Following the list you will find real-world, physician practice applications for each step.

  1. Enlist the support of physicians and other leadership
  2. Ask patients about their care experience using a systematic method
  3. Gather and process patient feedback continuously
  4. ACT on patient feedback straightaway when appropriate
  5. Pass along patient compliments soon after the patient’s visit
  6. Coach & counsel (when needed) soon after the patient’s visit
  7. Provide physicians with practice-unique results & data comparisons
  8. Analyze patient feedback to identify improvement opportunities
  9. Collaborate with key decision makers — create viable action-plans
  10. Execute action-plans – Measure, Monitor, and Modify as needed

Using M3-Patient Experience, MedicalGPS’ proprietary real-time patient feedback system, the 10 steps listed above can be, and indeed are routinely employed in physician practices all across the country to improve and sustain high levels of patient loyalty and satisfaction.  Recently Marty Hudson, MedicalGPS’ president, and I had the opportunity to work closely with eight better-performing physician practice groups that utilize M3-Patient Experience.  Our case study revealed several recurring best-practice management techniques. The eight case study physician groups were selected as a result of either; their ability to substantially improve patient satisfaction over time, and/or demonstrating their capacity to sustain outstanding levels of patient satisfaction long-term.  
Below are some of our findings and other real-world experiences.

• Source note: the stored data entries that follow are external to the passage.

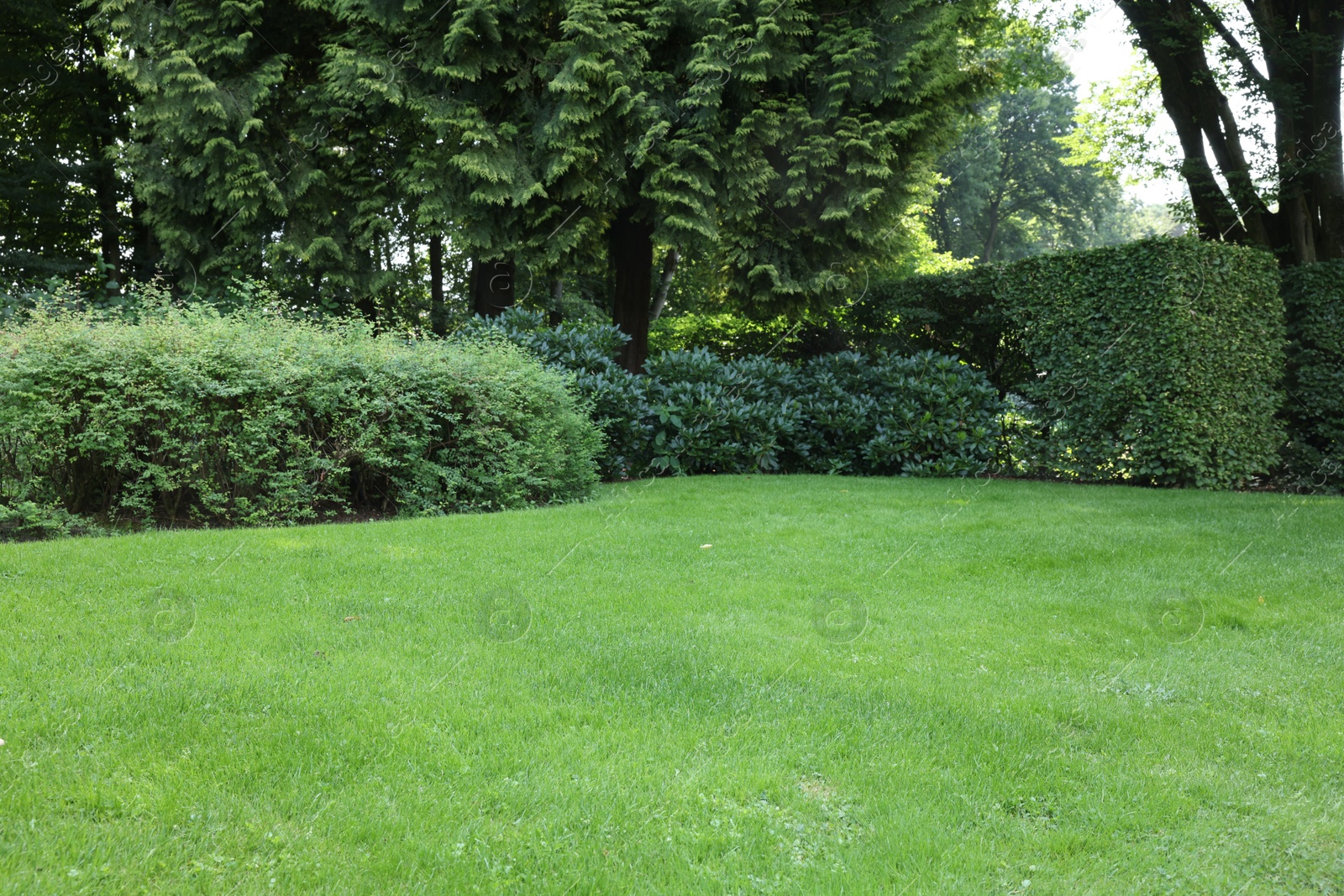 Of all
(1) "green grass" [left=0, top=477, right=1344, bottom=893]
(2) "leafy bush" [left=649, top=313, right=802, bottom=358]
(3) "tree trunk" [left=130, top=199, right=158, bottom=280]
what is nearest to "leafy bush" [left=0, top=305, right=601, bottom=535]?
(1) "green grass" [left=0, top=477, right=1344, bottom=893]

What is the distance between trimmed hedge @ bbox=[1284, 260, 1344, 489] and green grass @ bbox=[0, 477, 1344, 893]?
614 cm

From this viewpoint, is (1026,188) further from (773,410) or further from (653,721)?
(653,721)

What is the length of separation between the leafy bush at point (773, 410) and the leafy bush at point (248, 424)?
2311mm

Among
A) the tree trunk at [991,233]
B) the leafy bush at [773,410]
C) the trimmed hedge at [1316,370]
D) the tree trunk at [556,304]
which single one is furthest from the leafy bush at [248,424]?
the tree trunk at [991,233]

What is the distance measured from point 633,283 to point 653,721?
11.2m

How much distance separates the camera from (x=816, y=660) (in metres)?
4.04

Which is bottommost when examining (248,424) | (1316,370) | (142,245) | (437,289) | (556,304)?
(248,424)

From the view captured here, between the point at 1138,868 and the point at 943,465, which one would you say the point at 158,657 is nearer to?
the point at 1138,868

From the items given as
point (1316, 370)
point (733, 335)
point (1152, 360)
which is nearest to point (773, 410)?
point (733, 335)

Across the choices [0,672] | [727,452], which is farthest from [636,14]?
[0,672]

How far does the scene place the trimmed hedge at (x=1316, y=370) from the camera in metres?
10.7

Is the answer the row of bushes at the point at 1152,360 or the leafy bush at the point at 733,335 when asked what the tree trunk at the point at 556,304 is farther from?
the row of bushes at the point at 1152,360

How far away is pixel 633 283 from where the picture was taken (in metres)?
13.9

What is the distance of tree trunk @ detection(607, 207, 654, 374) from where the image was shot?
45.4ft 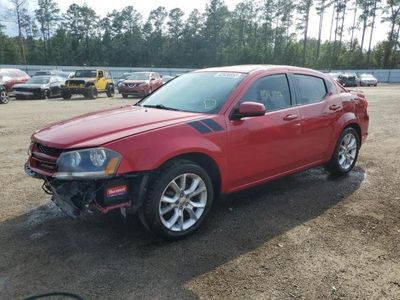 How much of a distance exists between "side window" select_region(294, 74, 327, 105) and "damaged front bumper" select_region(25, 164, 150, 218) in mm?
2600

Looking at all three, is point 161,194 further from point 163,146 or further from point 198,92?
point 198,92

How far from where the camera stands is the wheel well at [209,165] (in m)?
4.13

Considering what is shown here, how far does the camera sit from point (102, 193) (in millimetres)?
3561

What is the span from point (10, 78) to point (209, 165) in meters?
22.2

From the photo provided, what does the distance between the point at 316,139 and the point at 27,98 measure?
2051cm

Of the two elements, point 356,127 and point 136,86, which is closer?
point 356,127

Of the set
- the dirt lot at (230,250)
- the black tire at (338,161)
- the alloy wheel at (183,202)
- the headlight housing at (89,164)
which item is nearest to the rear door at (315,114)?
the black tire at (338,161)

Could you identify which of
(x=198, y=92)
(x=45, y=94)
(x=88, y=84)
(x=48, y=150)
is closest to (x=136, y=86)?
(x=88, y=84)

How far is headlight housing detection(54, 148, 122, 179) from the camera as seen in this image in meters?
3.52

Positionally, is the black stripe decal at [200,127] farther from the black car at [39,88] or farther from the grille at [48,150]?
the black car at [39,88]

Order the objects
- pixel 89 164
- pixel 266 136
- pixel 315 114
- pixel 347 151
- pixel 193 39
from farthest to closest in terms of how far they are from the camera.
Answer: pixel 193 39
pixel 347 151
pixel 315 114
pixel 266 136
pixel 89 164

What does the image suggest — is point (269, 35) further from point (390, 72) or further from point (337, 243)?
point (337, 243)

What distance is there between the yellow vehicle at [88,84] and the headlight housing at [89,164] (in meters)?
20.7

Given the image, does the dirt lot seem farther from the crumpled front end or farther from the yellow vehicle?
the yellow vehicle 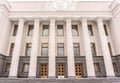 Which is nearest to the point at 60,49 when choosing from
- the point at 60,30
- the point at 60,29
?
the point at 60,30

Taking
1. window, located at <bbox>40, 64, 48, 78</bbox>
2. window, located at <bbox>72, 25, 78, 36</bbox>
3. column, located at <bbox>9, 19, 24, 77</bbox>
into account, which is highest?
window, located at <bbox>72, 25, 78, 36</bbox>

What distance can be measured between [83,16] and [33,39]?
758 centimetres

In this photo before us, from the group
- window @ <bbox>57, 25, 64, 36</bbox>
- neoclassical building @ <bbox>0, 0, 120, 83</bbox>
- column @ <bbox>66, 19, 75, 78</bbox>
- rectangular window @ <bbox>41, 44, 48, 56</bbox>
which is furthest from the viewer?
window @ <bbox>57, 25, 64, 36</bbox>

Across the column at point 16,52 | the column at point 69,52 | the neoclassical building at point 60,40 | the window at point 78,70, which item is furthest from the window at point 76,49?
the column at point 16,52

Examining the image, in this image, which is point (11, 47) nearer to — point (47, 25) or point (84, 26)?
point (47, 25)

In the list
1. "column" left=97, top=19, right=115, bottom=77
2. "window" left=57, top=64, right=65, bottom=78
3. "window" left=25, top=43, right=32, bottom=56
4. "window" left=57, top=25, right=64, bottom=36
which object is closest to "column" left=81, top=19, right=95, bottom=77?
"column" left=97, top=19, right=115, bottom=77

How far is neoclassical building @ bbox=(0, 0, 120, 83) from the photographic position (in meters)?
15.1

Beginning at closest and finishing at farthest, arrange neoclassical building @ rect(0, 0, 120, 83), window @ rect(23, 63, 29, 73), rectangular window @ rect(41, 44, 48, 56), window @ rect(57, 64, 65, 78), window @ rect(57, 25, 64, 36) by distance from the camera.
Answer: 1. neoclassical building @ rect(0, 0, 120, 83)
2. window @ rect(57, 64, 65, 78)
3. window @ rect(23, 63, 29, 73)
4. rectangular window @ rect(41, 44, 48, 56)
5. window @ rect(57, 25, 64, 36)

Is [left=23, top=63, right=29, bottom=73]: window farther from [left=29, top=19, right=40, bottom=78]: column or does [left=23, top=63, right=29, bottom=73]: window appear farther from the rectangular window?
the rectangular window

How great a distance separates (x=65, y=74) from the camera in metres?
15.4

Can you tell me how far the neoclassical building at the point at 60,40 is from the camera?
49.6 ft

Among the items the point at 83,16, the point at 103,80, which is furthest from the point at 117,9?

  1. Enlist the support of participating physicians and other leadership

As was the case with each of the eight case study groups, before embarking on any service improvement project, enlisting the support of physicians and other key decision makers is essential to achieving success.   Some practical ways to involve your team may include:

  • Review survey methodology at staff meeting (s) before moving forward
  • Allowing physicians and support staff to take “test” surveys
  • Insist on data transparency to gain physician and staff buy-in
  • Share success stories from other M3-Patient Experience users

  1. Ask patients about their care experience using a systematic method

Use a tested survey instrument and methodology to gather patient feedback.  If you decide to develop an in-house survey questionnaire, enlist the assistance of a qualified professional (statistician) to help develop the process and test for statistical validity and reliability.  Systematically and consistently apply the survey method.

  1. Gather and process patient feedback continuously

When I first began my healthcare career in 1994 my first assignment was to facilitate the development and deployment of a patient satisfaction survey for a large physician practice management company.  We invented a process to gather patient feedback using laptop computers strategically placed in the waiting rooms of physician offices and then have that data transmitted to our corporate office for processing.  The result?  We had invented the proto-type of M3-Patient Experience.  Turn the clock forward a couple of decades to today, and with the advancements of the internet, patient feedback may be obtained in real-time allowing practice managers and other decision makers the opportunity to incorporate patient feedback into management of their day to day operation.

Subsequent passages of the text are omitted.